• _Entries supplied_
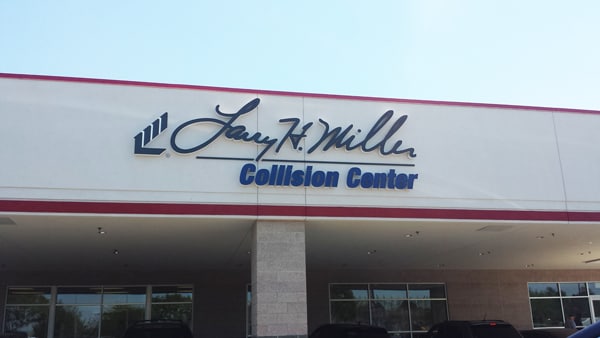 Larry-H-Miller-Collision-Center-Boise-Idaho1.png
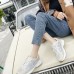 5Dior Shoes for men and women Sneakers #999915707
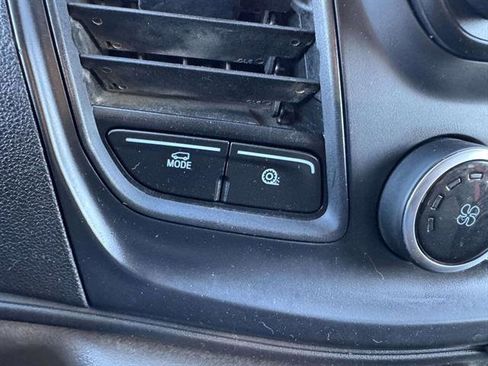 Used 2021 Ford Transit 250 148 High Roof Extended w/ Parcel Delivery Package image 36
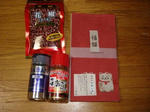 DSC00316.JPG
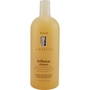 RUSK Haircare by Rusk #159835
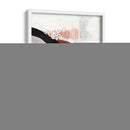 Sincronista Iv - Victoria Borges | Cuadro decorativo de Canvas Lab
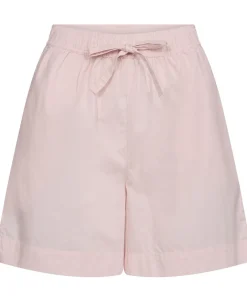 Elize 3 G-Magasin du Nord Collection Sale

• _What is needed_
In the records above, find the line that contains "DSC00316.JPG", then write it out along with every line after it, exactly, through the last one. Leave the pictures out.

• _Solved exercise_
 DSC00316.JPG
 RUSK Haircare by Rusk #159835
 Sincronista Iv - Victoria Borges | Cuadro decorativo de Canvas Lab
 Elize 3 G-Magasin du Nord Collection Sale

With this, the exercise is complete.